I suspect you mean "sad jazz" as music which prompts melancholic emotions rather than badly written or performed jazz, which we might term "sad jazz".

I've long been fascinated by the concept of music having an ability to provoke certain emotions, almost universally agreed upon. Certain pieces make us feel like dancing with joy, certain pieces can bring tears of sadness to one's eyes. How is that possible? I do not know.

I prefer the term "melancholy" to "sad" in reference to music. But some pieces reach deeper recesses than either word can define. 

I thought immediately of Billie Holiday's "Strange Fruit". That's a "sad jazz" number, but it goes much deeper to provoke anger and frustration, at least with me. Of course, much of the emotional response derives from the lyrics. But even in pure musical form the song has a "sad" edge. As does Monk's "Round Midnight".

Mike Nock has a wonderful album titled _Ondas_ which offers what I might suggest is "sad jazz", especially the opening number, "Forgotten Love." The title tune, "Ondas", also touches the melancholic nerves. But this music is so competently written and played that it cannot rate as the _other kind_ of "sad jazz".


----------



## mikeh375 (Sep 7, 2017)

Try these classics...


----------



## Nate Miller (Oct 24, 2016)

I think of these as sad tunes (played by anyone)

Willow Weep for Me
Lush Life
I Loves You Porgy
Dont Explain
Time Was
Lover Man
Angel Eyes
Autumn in New York
Goodbye Porkpie Hat

...there's more but that should get you sufficiently sad for now


----------



## Selby (Nov 17, 2012)

Thanks for all the input. Yes, melancholy would have been a better adjective. I will start by listening to the mentioned Mike Nock album.


----------



## NoCoPilot (Nov 9, 2020)

"Sad" and "jazzy" are two words that don't go together, but there is a whole vast "cool jazz" world that might have some Venn diagram overlap with "melancholy."

Come to think of it (listening to Mike Nock now), a lot of the ECM catalog touches on melancholy too. Whaddya get when you cross a cantelope with a Sheltie?


----------



## Selby (Nov 17, 2012)

NoCoPilot said:


> "Sad" and "jazzy" are two words that don't go together, but there is a whole vast "cool jazz" world that might have some Venn diagram overlap with "melancholy."
> 
> Come to think of it (listening to Mike Nock now), a lot of the ECM catalog touches on melancholy too. Whaddya get when you cross a cantelope with a Sheltie?
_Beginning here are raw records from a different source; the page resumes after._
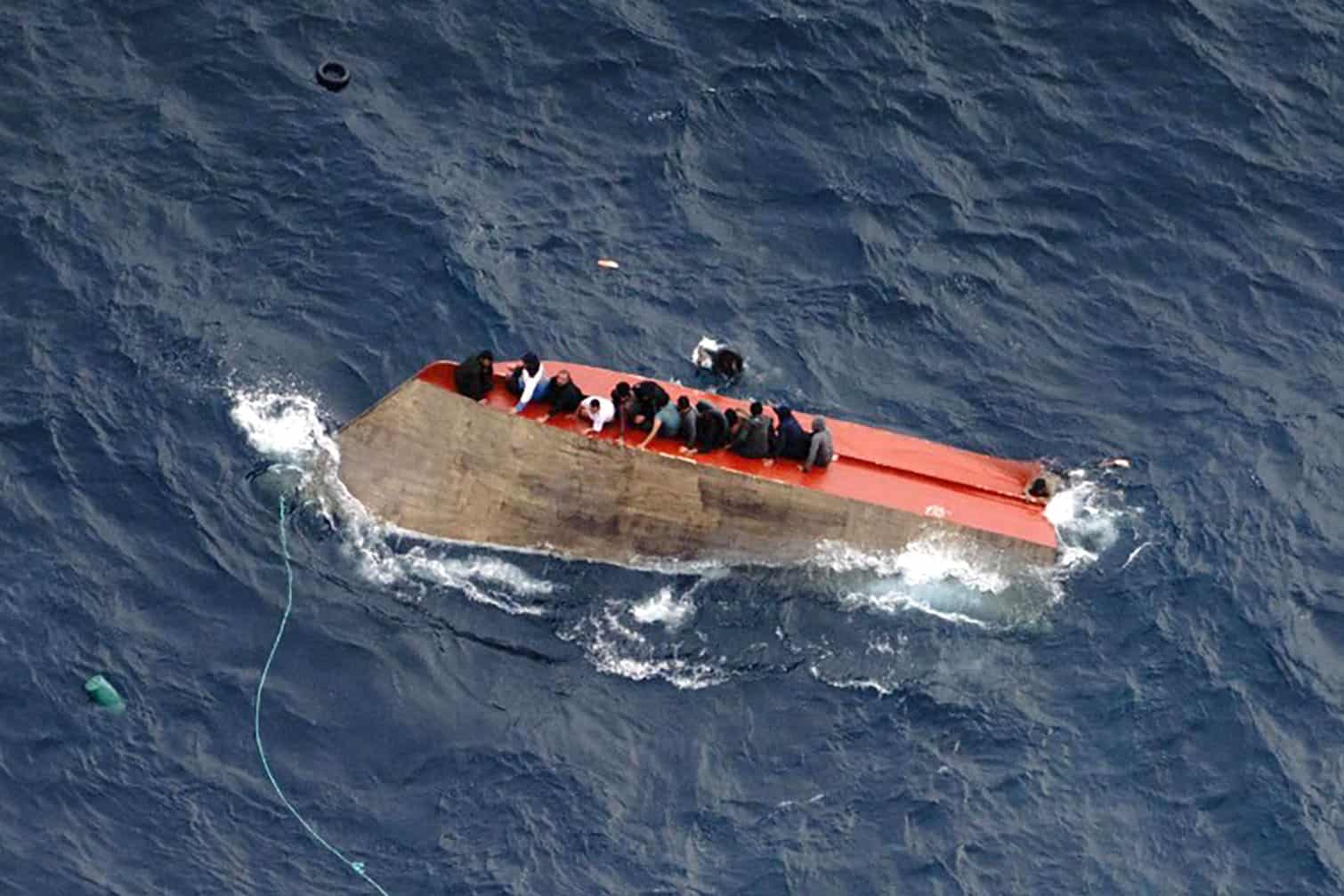 migrants seatted on a capsized boat off Libya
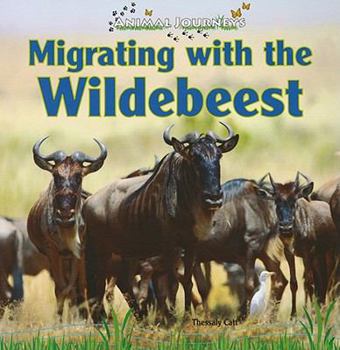 Paperback Migrating with the Wildebeest Book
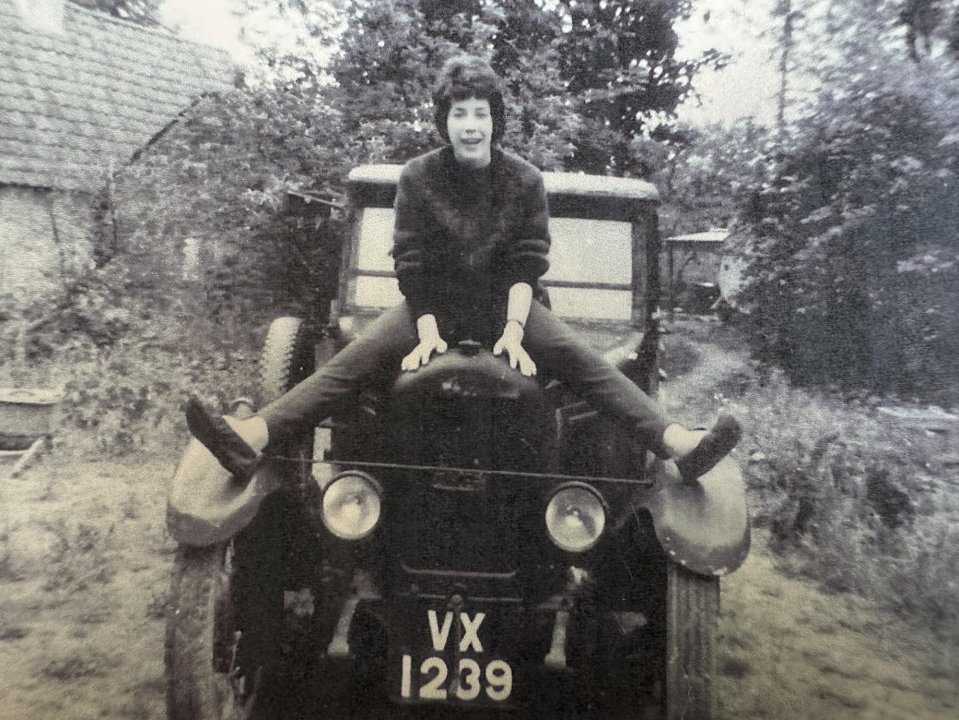 Black and white photo of a young woman sitting on a vintage car.
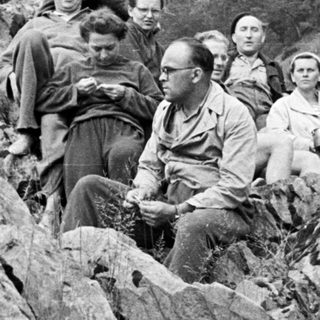 Group of people resting on a rocky hillside.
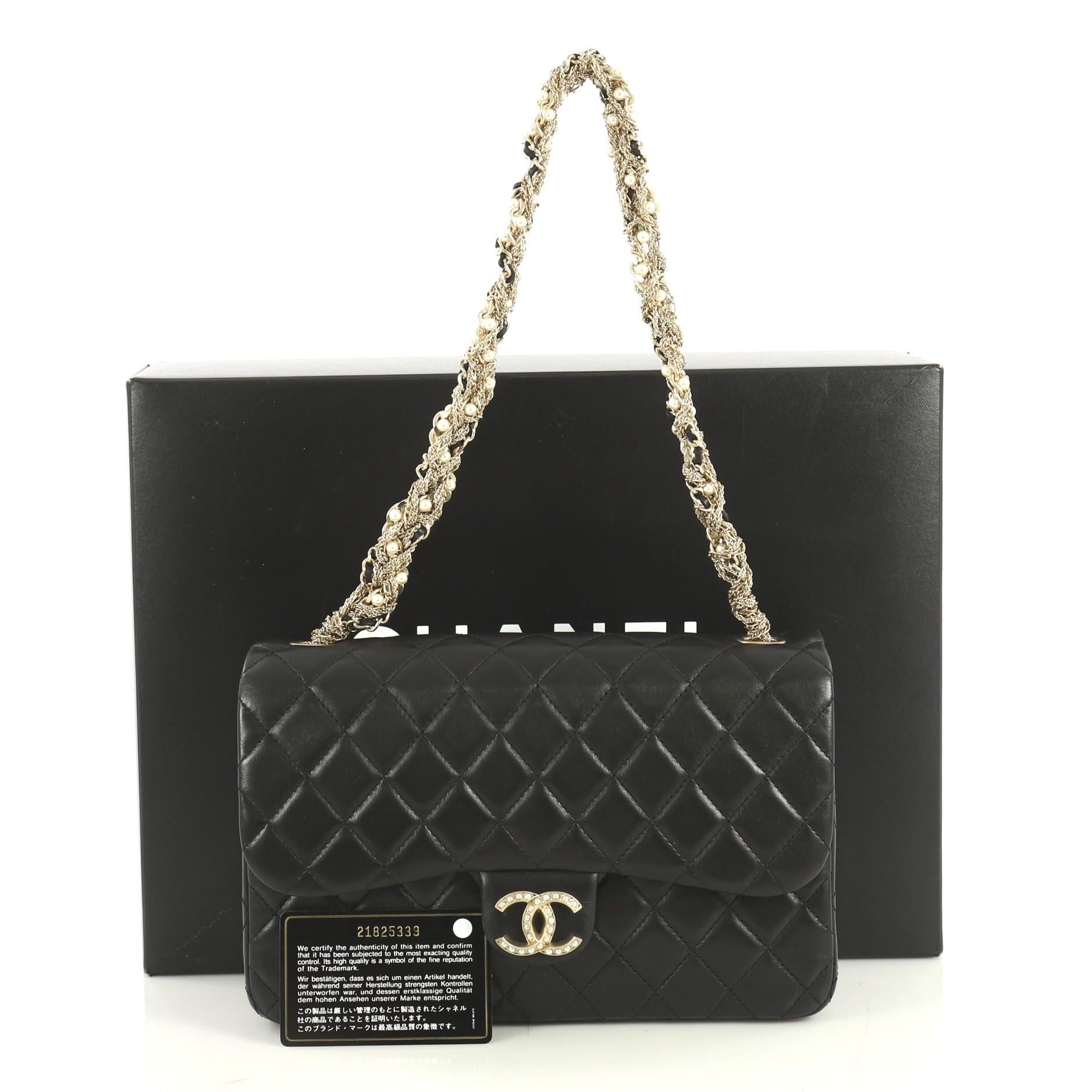This Chanel Westminster Tangled Pearl Chain Flap Bag Quilted Lambskin Medium, crafted from black quilted lambskin leather, features twisted chain and pearl strap, pearl-studded CC logo and gold-tone hardware. Its magnetic snap button closure opens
Oh really? Interesting, I've never thought of jazz as inherently upbeat (or happy or whatever the best word is for the opposite of sad or melancholy). I've listened to Paul Bley's Fragments a few times this week and I would describe it as "sad" - but after feedback here, I think better descriptions may be _contemplative_, _slow_, or _melancholy_. I think I'm looking for more records like this. '80s ECM may be where I need to turn.


----------



## NoCoPilot (Nov 9, 2020)

Selby said:


> '80s ECM may be where I need to turn.


Yep.


----------



## starthrower (Dec 11, 2010)




----------



## Selby (Nov 17, 2012)

Hey hey Starthrower, it's great to see you are still around here. Thanks for the Miles, Ill listen to it.


----------



## Bwv 1080 (Dec 31, 2018)

Bill wrote this after his wife's suicide


----------



## jegreenwood (Dec 25, 2015)

Several record companies have released compilations of ballads by various artists. My first choice would be Dexter Gordon. Ben Webster is another. Ike Quebec. Many more. Even Coltrane has a ballads album.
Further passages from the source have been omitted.